For one, your underwriting team needs not only to be significantly better than average, but must have a widely held reputation to attest to this fact, or no capital provider will be willing to take what they want to give away.
Then you have to address the new risk that you are loading onto your underwriters by changing the risk dynamics that they are working under.
To put it in marine terms, the trouble with changing the trim of the ship is that it can risk upsetting a hitherto even keel.
People say that changing the balance of retentions doesn't change behaviour, but to believe so is to discount human psychology.
If someone is sufficiently anaesthetised to feel confident that a course of action isn't going to cause them much pain, they may be willing to go ahead when they otherwise may not have done so.
The best underwriters will guard against this feeling and always write as if all third party capital were their own, but complacency and a feeling of protection is a constant danger that must be guarded against.
Also, lean operations must remember that while they may have less skin in the game, having some skin around means it still hurts when things go wrong.
Smashing half a thumb with a hammer hurts almost as much as bashing the whole one.
If an underwriter used to write close to net, but then the market softens and they take on a 50 percent quota share with a decent over-rider, they will still feel the pain if they lose their discipline.
Or they may not get burned financially, but they will get burned reputationally.

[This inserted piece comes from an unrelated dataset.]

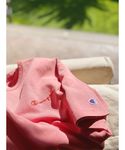Champion(チャンピオン)の「トップス(Tシャツ/カットソー)」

And then there is always the counterparty credit risk of having so much outstanding reinsurance recoverable to worry about.
Credit risk is simply not the concern it should be in the market today.
This is always the way - credit is never a problem until it suddenly dries up.
We are currently in a credit glut, but this won't always be the case. And credit has intangible qualities that no ratings agency can put on paper. The old and wise also know that willingness to pay is as important as cash in the bank, and that slow and disputed payments can sometimes be as damaging as no payments at all.
So when trimming the ship do remember that in stormy seas, the cargo can move about considerably in the hold and that while losing ballast may save fuel, trying to go without is usually a false economy.